Gli autori del Dialogo, proseguendo in questa loro trattazione macro-economica e macro-sociale, hanno poi voluto mettere a confronto diversi modelli di politiche migratorie oggi in vigore nel mondo. La Germania, ad esempio, per far fronte al calo demografico interno non dissimile da quello italiano, avrebbe adottato una politica delle “porte aperte” proprio per “accogliere” quanti più migranti economici possibili. «La Merkel» ha spiegato Proverbio «ha quasi rischiato le elezioni per importare un milione di siriani qualificati». Una scelta, questa, diametralmente opposta a quella Giapponese che, pur registrando un debito pubblico e un andamento demografico non così diversi da quelli italiani, ha adottato da tempo una politica di zero immigrazione. I giapponesi starebbero oggi riconsiderando questa linea “intransigente”, in quanto il loro attuale welfare è di tipo minimale, le pensioni sono di basso importo e le discussioni pubbliche sull’innalzamento dell’età pensionabile a settant’anni sono diventate più frequenti.
In mezzo a questi due modelli contrapposti c’è poi l’Australia. Solitamenti si è abituati a pensare all’Australia come ad un’isola con leggi severe sull’immigrazione, soprattutto dopo l’introduzione del “No way” del governo conservatore Abbott ma, hanno spiegato Proverbio e Lancellotti, questo vale solo per profughi in arrivo con i barconi: «se arrivi via mare non ti lasciano entrare, ma se arrivi in aereo sì». Il governo australiano, infatti, dispone di una normativa che tende a regolarizzare il flusso dei migranti “selezionandoli” e “focalizzando” i talenti a supporto della crescita economica del paese. E l’Italia? A detta dei relatori il governo italiano non avrebbe una politica seria e precisa sul tema dell’immigrazione, nonostante sia già in fase di preparazione un decreto dell’attuale Ministro dell’Interno Salvini destinato a cambiare il quadro della situazione.

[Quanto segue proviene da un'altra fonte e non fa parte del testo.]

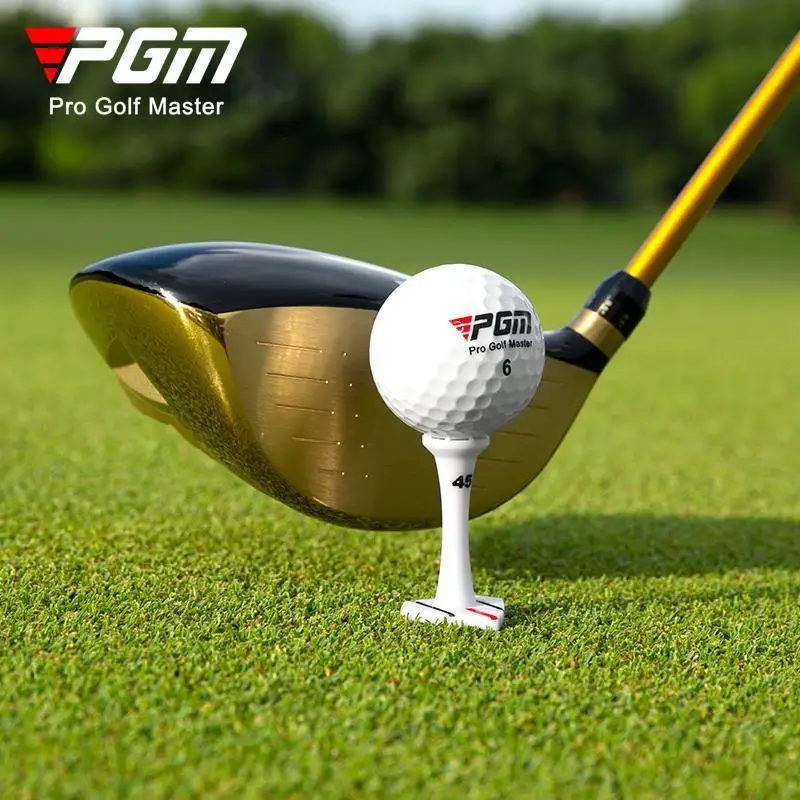 

PGM golf new can be aimed at the direction of the net red ball golf multi-function ball nails six pack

Come andare oltre i numeri?

A guardare il fenomeno migratorio nel suo complesso si tende, ovviamente, a trascurare il percepito quotidiano delle persone; andare a spiegare ad un lavoratore precario che l’immigrazione ha dei benefici non è cosa facile di questi tempi, né da un punto di vista economico (come hanno cercato di fare i due relatori durante la serata) né da un punto di vista morale e umanitario (in quanto prevale, oggi come oggi, la logica individualista del “prima noi, poi gli altri”).

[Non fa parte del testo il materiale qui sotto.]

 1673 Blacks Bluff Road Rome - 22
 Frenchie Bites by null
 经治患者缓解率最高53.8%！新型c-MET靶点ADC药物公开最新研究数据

C’è da scommettere che chiunque, lasciando la sala delle Officine H dopo l’intervento di Lancellotti e Proverbio sia rimasto colpito dalle loro argomentazioni, ma come poter trasformare questo “arsenale” di dati, numeri e ragionamenti in un’efficace narrazione politica opposta a quella proclamata oggi dai “sovranisti”? La retorica sulla criminalizzazione dei profughi è riuscita a eclissare dal dibatitto pubblico il tema di quei cinque milioni d’immigrati regolari che portano benefici al paese, rendendo il discorso sull’immigrazione confuso e meramente funzionale alla crescita dei consensi della Lega (anche a danno degli stessi 5Stelle, stando ai sondaggi più recenti). Di fronte a questa dirompente distorsione della realtà dovuta, tra le altre cose, ai moderni mezzi di comunicazione come si può sperare di invertire la rotta?